── Extracted entries

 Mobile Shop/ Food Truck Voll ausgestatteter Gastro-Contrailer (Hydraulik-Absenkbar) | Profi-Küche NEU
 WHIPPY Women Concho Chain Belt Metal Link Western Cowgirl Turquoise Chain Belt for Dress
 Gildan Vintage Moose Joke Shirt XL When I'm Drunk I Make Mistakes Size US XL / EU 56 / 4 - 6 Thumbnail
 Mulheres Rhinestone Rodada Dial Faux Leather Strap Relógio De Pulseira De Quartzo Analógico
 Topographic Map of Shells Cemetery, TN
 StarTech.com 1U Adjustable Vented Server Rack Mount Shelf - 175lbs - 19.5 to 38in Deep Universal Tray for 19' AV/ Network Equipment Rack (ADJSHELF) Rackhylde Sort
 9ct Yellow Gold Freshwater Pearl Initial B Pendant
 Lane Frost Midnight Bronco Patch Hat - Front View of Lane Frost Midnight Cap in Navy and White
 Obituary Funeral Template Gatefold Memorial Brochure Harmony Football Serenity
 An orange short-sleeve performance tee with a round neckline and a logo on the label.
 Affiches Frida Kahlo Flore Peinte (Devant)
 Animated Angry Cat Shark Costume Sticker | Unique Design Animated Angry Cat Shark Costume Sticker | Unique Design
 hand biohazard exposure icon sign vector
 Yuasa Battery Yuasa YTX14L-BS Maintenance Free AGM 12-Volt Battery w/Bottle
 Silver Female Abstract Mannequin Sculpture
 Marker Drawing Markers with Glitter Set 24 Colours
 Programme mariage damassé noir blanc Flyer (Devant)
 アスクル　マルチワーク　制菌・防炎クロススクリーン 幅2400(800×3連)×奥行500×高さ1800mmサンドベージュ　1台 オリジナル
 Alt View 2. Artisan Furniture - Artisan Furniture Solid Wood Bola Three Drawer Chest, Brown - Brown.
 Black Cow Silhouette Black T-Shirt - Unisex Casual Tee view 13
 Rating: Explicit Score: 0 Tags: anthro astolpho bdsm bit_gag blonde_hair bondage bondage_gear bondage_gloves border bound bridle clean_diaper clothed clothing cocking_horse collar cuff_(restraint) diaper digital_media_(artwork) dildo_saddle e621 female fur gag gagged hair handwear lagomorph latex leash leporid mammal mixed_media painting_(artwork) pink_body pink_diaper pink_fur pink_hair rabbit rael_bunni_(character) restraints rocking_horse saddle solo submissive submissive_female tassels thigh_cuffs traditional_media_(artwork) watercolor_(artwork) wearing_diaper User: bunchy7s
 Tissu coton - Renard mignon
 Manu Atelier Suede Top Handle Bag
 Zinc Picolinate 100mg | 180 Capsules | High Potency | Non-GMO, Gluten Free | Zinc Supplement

────

Problem >> In the entries above, find the line holding "Marker Drawing Markers" and the line holding "Tissu coton - Renard mignon"; print both of them and every line between, exactly, and nothing else.

The completed task >>
 Marker Drawing Markers with Glitter Set 24 Colours
 Programme mariage damassé noir blanc Flyer (Devant)
 アスクル　マルチワーク　制菌・防炎クロススクリーン 幅2400(800×3連)×奥行500×高さ1800mmサンドベージュ　1台 オリジナル
 Alt View 2. Artisan Furniture - Artisan Furniture Solid Wood Bola Three Drawer Chest, Brown - Brown.
 Black Cow Silhouette Black T-Shirt - Unisex Casual Tee view 13
 Rating: Explicit Score: 0 Tags: anthro astolpho bdsm bit_gag blonde_hair bondage bondage_gear bondage_gloves border bound bridle clean_diaper clothed clothing cocking_horse collar cuff_(restraint) diaper digital_media_(artwork) dildo_saddle e621 female fur gag gagged hair handwear lagomorph latex leash leporid mammal mixed_media painting_(artwork) pink_body pink_diaper pink_fur pink_hair rabbit rael_bunni_(character) restraints rocking_horse saddle solo submissive submissive_female tassels thigh_cuffs traditional_media_(artwork) watercolor_(artwork) wearing_diaper User: bunchy7s
 Tissu coton - Renard mignon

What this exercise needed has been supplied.